エアロ系のシューズカバーの特徴として、足首の部分にファスナーなどを用いた開閉機構は存在しません。その為、履き方も一般的な冬用シューズカバーとは異なります。ロードバイクのTTやトラック競技をやられている方ならご存知でしょう。ビンディングシューズを履く前に、ブーティに足を通しておきます。
製品内側のタグにもイラストが載っていますが、履き方は以下の通り。
① ブーティ上端の開口部より足を入れ、クリート部分の穴から足首が出る位置までブーティを引っ張り上げます。
②それからシューズを履きます。
③ブーティをシューズの方へ下ろすようにして、かかと側から被せていきます。
④最後に、つま先に向かってブーティをグイッと伸ばして、シューズ先端まで被せて完了。
最初は戸惑うかもしれませんが、コツを掴んでしまえば意外と簡単。間違って、先にシューズを履いてからブーティを被せようとすると、にっちもさっちも行かないのでご注意ください。さて、ここからは、「春秋向け」と「冬向け」、それぞれの素材の特徴を見ていきましょう。
RSR SPRING FALL SPEED BOOTIES
まずは、「春秋向け」の RSR SPRING FALL SPEED BOOTIES からご覧ください。
かかと〜足首を包み込む「Sonic SN」は、EQUIPE RS SPRING FALL JACKET の袖にも使われている素材。表面の縦リブ構造、プロのレースシーンではすっかり定着した感があります。エアログローブ、エアロソックス、エアロジャージなど、周囲にまとわりつく空気を引き離し、進行方向に対してスムーズに風を受け流すことが出来るのです。

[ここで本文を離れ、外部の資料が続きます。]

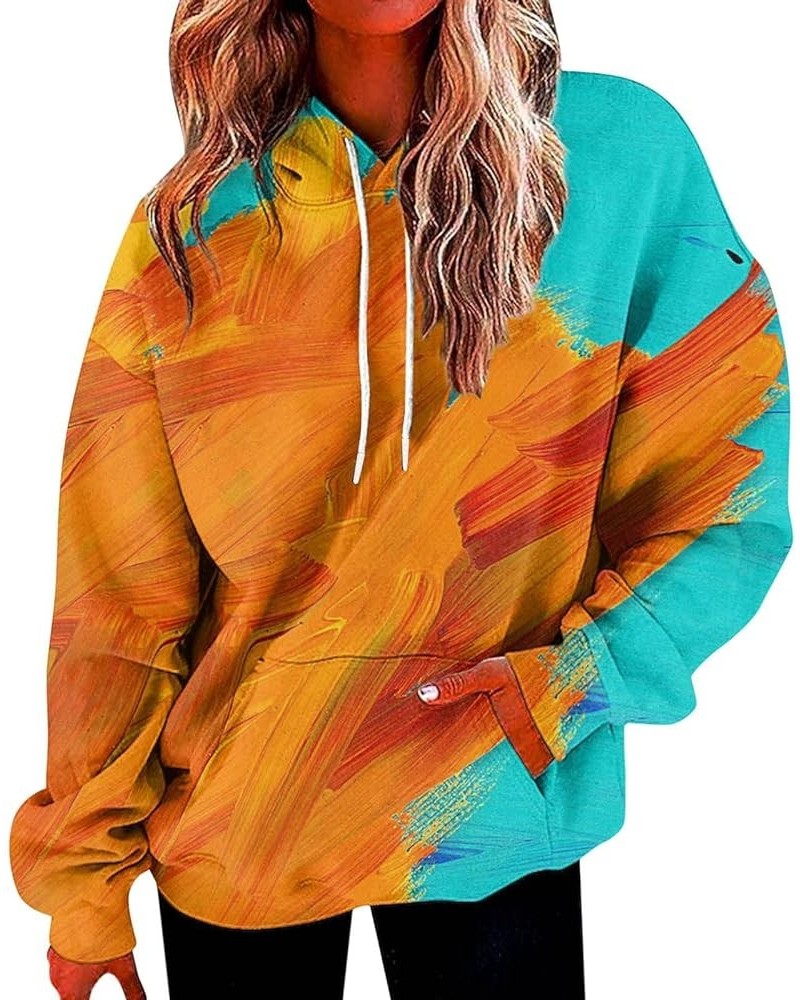 Hoodies for Women Cute Tie Dye Print Casual Long Sleeve Oversized Hooded Sweatshirt Lightweight Pullover Tops Y2k Streetwear ...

特に、足の周りはペダリングによって空気が掻き乱されやすので、効果が非常に大きい部分と言えます。
また、高密度なニット構造を持つ「Sonic SN」では、風がスースー抜ける感じはなく、適度な保温力と通気性のバランスが良いので、スネから下を心地良い暖かさで包み込んでくれます。

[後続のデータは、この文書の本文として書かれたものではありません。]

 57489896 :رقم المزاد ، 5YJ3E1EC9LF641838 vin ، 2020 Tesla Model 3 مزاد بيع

つま先部分を覆う「コーデュラ」は、やや張り感のある、ソフトシェルとネオプレーンの中間的な素材。防風性と撥水性に優れ、適度な肉厚による高い断熱性を発揮。峠の下り、急な雨に見舞われたシーンでも、つま先の冷えを防いでくれます。
RSR WINTER SPEED BOOTIES
続いて、「冬向け」の RSR WINTER SPEED BOOTIES を見てみましょう。
かかと〜足首を包み込む「AIR BLOCK 888」は、表面に僅かな凹凸を持つジグザグ模様が特徴的。EQUIPE R HABU WINTER JACKET S9 を筆頭に、最新のジャケット、タイツに使われているソフトシェル素材です。そうそう、GT SPIDER BAG C2(スパイダーバッグ)もこの素材ですね。

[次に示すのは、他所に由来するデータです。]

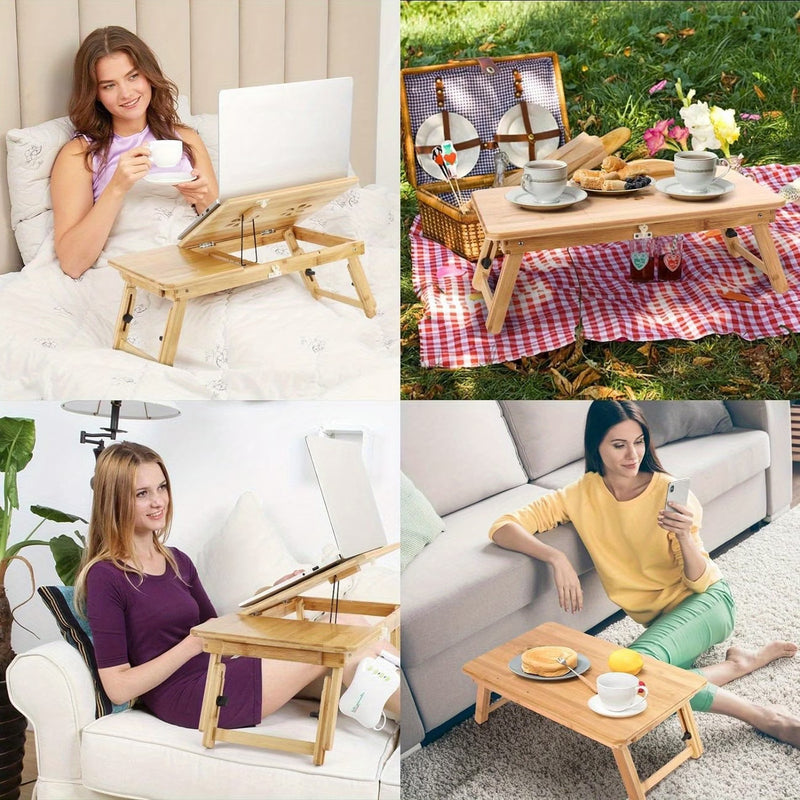 Foldable Bamboo Laptop Bed Table with Drawer – Adjustable Portable Laptop Tray for Bed, Sofa & Breakfast Use (50x30cm)-3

高い防風性に加えて、表面の撥水効果により小雨程度の雨や、濡れた路面からの跳ね上げを弾いてくれます。「スプリングフォール」がエアロ効果を重視しているのに対して、「ウィンター」は防寒性と耐候性を重視していると言えます。この辺りの性能の違いは、走る環境やスタイルによって選んでいただければ良いでしょう。
つま先部分は、表面に3レイヤーのソフトシェル「NEOS MEDIUM」を配置。より高い防風性と撥水性を発揮して、冷えに悩まされるつま先をしっかりガードしてくれます。プラス、裏地に起毛フリースを貼り合わせているので、暖かさは「スプリングフォール」よりも一段階上。また、透湿性も兼ね備えているので、ブーティ内部の汗蒸れを残さず、ドライで快適な状態を保ってくれます。
エアロと防寒性を兼ね備えた究極の機能美。
「エアロタイプのシューズカバーだから、そんなに暖かくないんでしょ?」と思われがちですが、いやいや、これが意外と暖かいんです。以前、同様のシューズカバーを使っていたから言えるのですが、シューズをラッピングするようにフィットするので、シューズ内の気密性が増して、隙間から冷たい風が入ってくることもなければ、中の暖かい空気を逃さない。この効果が非常に大きいんです。
それから、最終的にモノを選ぶ決め手として、見た目のスタイリッシュさも大事ですよね。不思議なことに、機能を追求していくと、見た目も美しいと感じるもの。アソスのスピードブーティは、一切の無駄を排除した「機能美」もお楽しみいただけます。フツウのシューズカバーに物足りなくなった方へ、キレッキレのスピードブーティをどうぞ!